# New to Wade fishing



## rubsal70 (Apr 16, 2012)

I am new to wade fishing. I go a lot to corpus to fish. I have gone up to goose island state park to fish as well. I do a lot of pier and jetty fishing. I want to get into fishing cause I am tired of fishing on piers and not catch anything good. I am poor and can't afford a boat so I am guessing wade is the next big thing to catch nice fish. I do not know how to swim so I am looking for areas with no strong currents or deep areas (or sudden and unexpected drops) and if they are some how do I look for them to avoid them. I will be wearing a pfd but still want to learn what to look for and avoid them. I want areas around corpus and goose island. Thanks for all your help


----------



## pwooly (Dec 2, 2012)

Great question. I'm looking into getting into it my self. I'm in the same boat as you are, with no boat and being poor. :help:


----------



## teamfirstcast (Aug 23, 2006)

you don't need much to wade fish, just the essentials and that depends on when and where you want to fish. It's getting colder so you will need waders. can get cheap but decent waders Hodgman wadelites for $50-75. Or find similar deals online at Cabelas/ Bass Pro. Need neoprene wading boots about $40, be sure to get 2 sizes bigger than your regular size! In the winter dont go over hip or belt deep! if unfamiliar with the bottom wear a comfortable life jacket or for $75 get the inflatable much more comfortable. Next you need a over the shoulder tackle bag approx $15. put jig heads plastic baits and a few small top waters and a couple Corkys and you are set. Use a light action 6 1/2' rod 12 lb line. Carry with you on a wading belt, SS pliers, and a stringer with a float. Your ready! Lots of good areas around Corpus, just drive the bridge over to the island early on a sat and look for other waders and join in. Be safe go slow and success will come.


----------



## troutless (Feb 17, 2006)

I used to wade fish the Galveston Bays, and surf. I alway wear a PFD in the surf. I don't wade in the SLP and I have pulled two different people out, and there is posted signs in English and Spanish, and they still have drowning down there every year.
Fish with a group until you get some experience.


----------



## bluefin (Aug 16, 2005)

Rubsal70, have to give you a thumbs up for wanting to get out of your comfort zone and expanding your fishing education.
Teamfirstcast gave you some great info. You'll notice most of the cost he posted up was to stay warm and dry for cooler weather. 
As far as drop offs I've never really come across any really big ones other than back sides of some second and third sand bars. Just remember to shuffle or slide your feet as you move around. Areas with strong currents usually have signs around to warn you. Otherwise just use your best judgment as you're making your way out to deeper water. 
I'm not familiar with the area you want to fish. But I've learned a lot just by observing what other guys are doing out on the water ie what lures, color of lures, using bobbers, etc. Also pay attention to how tall some of the other fishermen are to get an idea of the depth of water they're fishing in. 
Your PFD, waders, stringer, stainless steel needle nosed pliers and shirt or jacket with chest pockets (to hold lures and small items) are the basics you need.


----------



## bragwell (Apr 15, 2010)

I just put a small Plano box in the chest part of my waders. I don't like over the shoulder bags or boxes. They get annoying on long wades.

Waders
Boots
Small Plano box for jigs
Fishing pole
Stringer
Pliers 
Cheap nylon click belt to put a rod holder on and tie your stringer to
A floating net if targeting flounder. I just buy a cheap net and buy canned foam from Home Depot. Shoot the hollow tube full of foam, and you have a floating net.


----------



## bbq-n-bock (Aug 12, 2013)

I admire you for wanting to expand your horizons but *STOP RIGHT NOW*.

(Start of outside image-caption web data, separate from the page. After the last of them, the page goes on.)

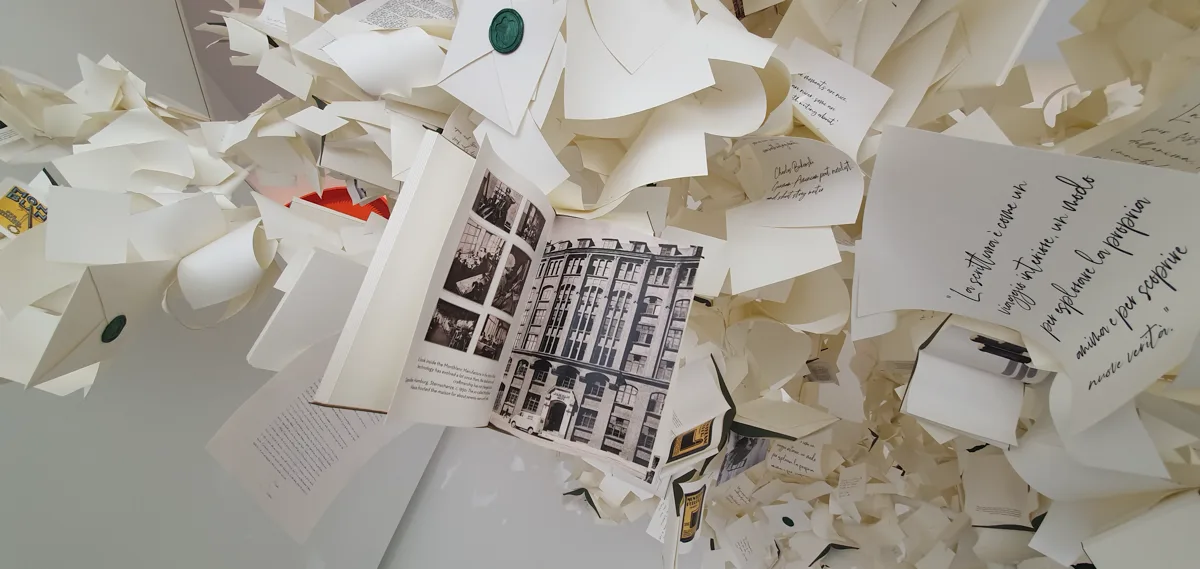 Aufgeschlagenes Buch mit historischen Schwarz-Weiß-Fotografien eines Kontorhauses, eingebettet ins Papiergeflecht, daneben handbeschriebene Zitatkarten.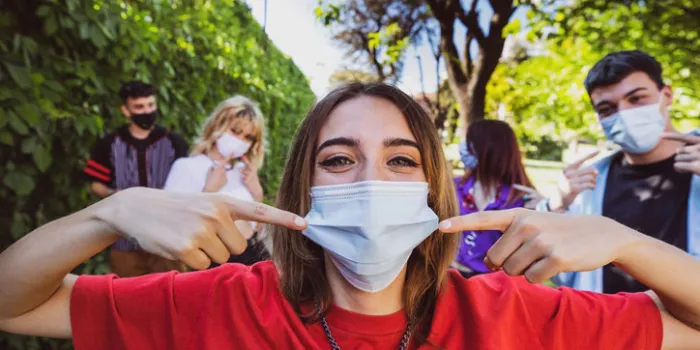 group of teenagers posing showing their protective face masks during covid-19 coronavirus epidemic spread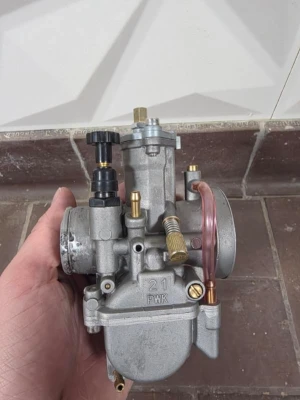 PWK 21 mm förgasare i metall - Säljer en PWK 21 mm förgasare i metall med flera justerskruvar och mässingsdetaljer. Förgasaren har en rund form och genomskinlig slang på sidan. Passar till mopeder eller mindre motorcyklar där man vill ha bättre prestanda.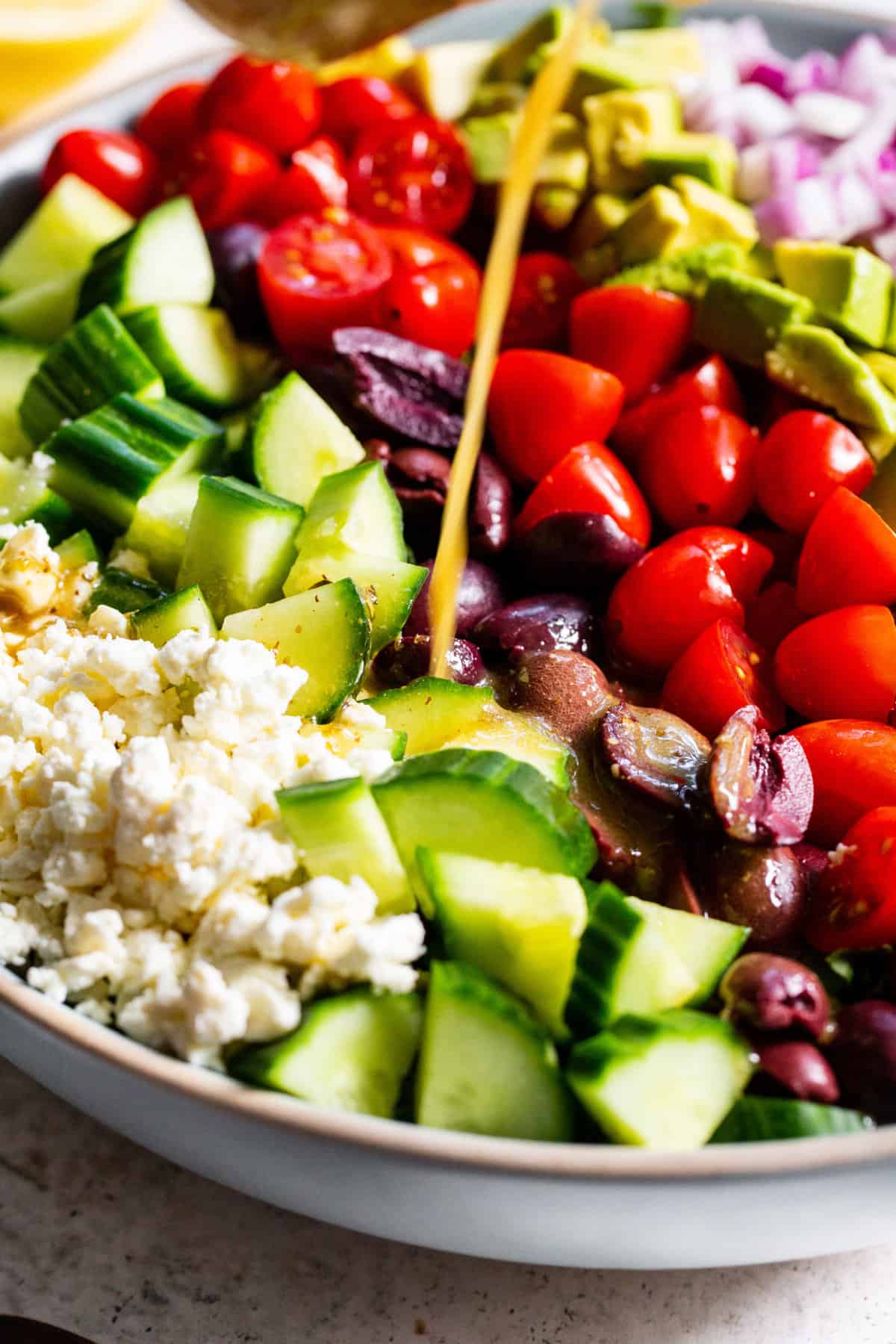 This mediterranean chopped salad has loads of veggies, a flavor packed vinaigrette and vegan feta cheese. It’s perfect to serve to guests, for BBQs, picnics or a light lunch. Make it a full meal by topping with chopped chicken or other protein. Paleo and vegan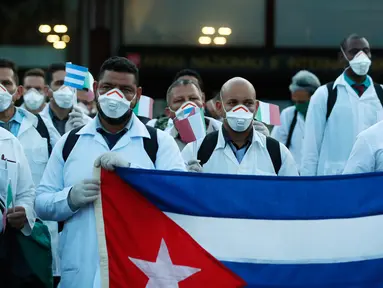 Petugas medis dan paramedis dari Kuba berpose setibanya di bandara Malpensa di Milan, Italia, Minggu (22/3/2020). Sebanyak 53 orang dokter dan perawat menjadi kontingen bantuan medis pertama Kuba untuk membantu mengendalikan pandemi virus Corona di kota kecil Crema, Lombardy. (AP/Antonio Calanni)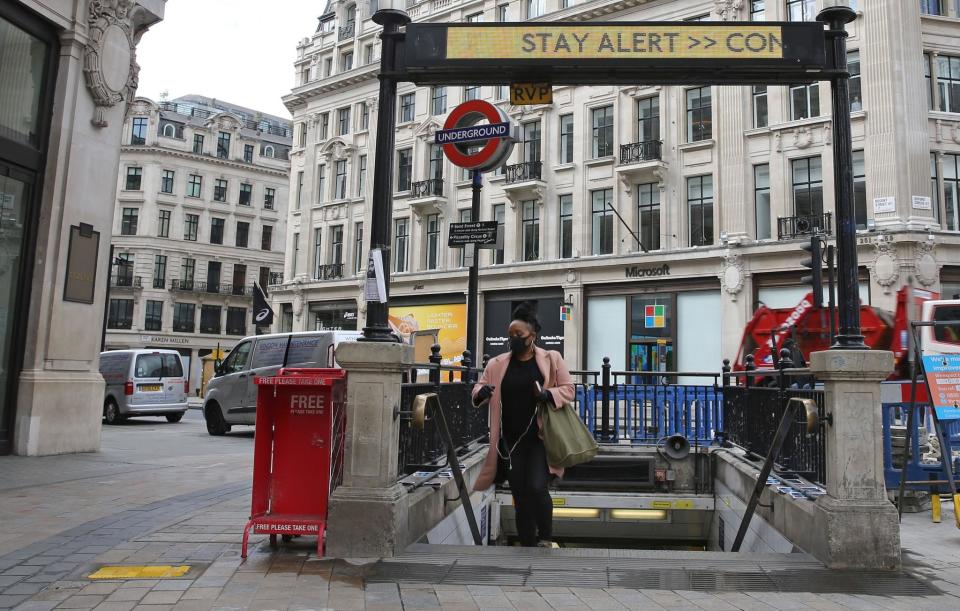 A commuter wearing PPE passes beneath the government's slogan: 'Stay Alert, Control the Virus, Save Lives' above the exit to Oxford Circus Underground station in central London (Getty)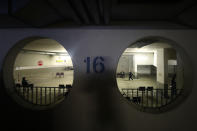 People wait in a converted underground car park vaccination centre in Ebersberg near Munich, Germany, Saturday, May 15, 2021. Hundreds of people have lined up at an improvised vaccination center near Munich to get one of 1,000 doses of the AstraZeneca coronavirus vaccine that were on offer. Police said that around 850 people were standing in line at around 10 a.m. -- and some of them had arrived as early as 5 a.m. (AP Photo/Matthias Schrader)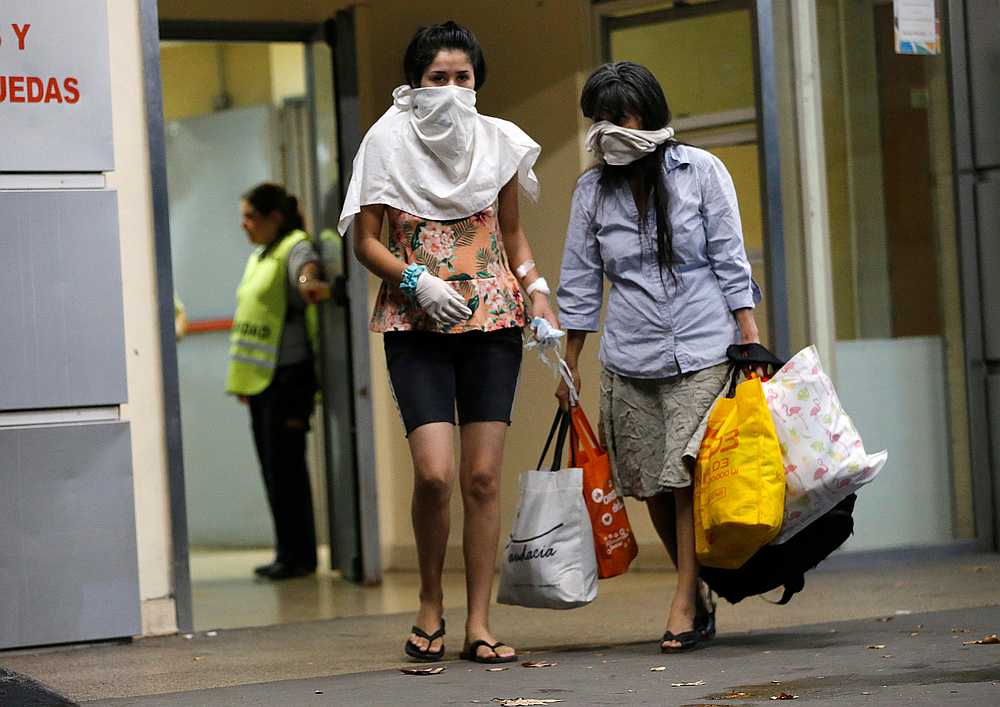 People cover their faces while leaving Hospital Cosme Argerich, after the first fatality from coronavirus in Latin America was confirmed, in Buenos Aires, Argentina March 7, 2020. u00e2u20acu201d Reuters pic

If you don't know how to swim this needs to be your 1st, and only, priority. Don't even think about taking a step into the water, even with a PFD, if you can't swim.

What are you going to do if your surf fishing and get caught in a rip tide? 
What if you're wading in the bay, step into a gut with a strong current and get swept into open bay?

find a local YMCA as most of them have swim lessons. Once you think you've learned how to swim go to a public pool (i.e., lifeguards around) and swim laps. Prove to yourself that if a situation arises where you literally have to swim for your life you can.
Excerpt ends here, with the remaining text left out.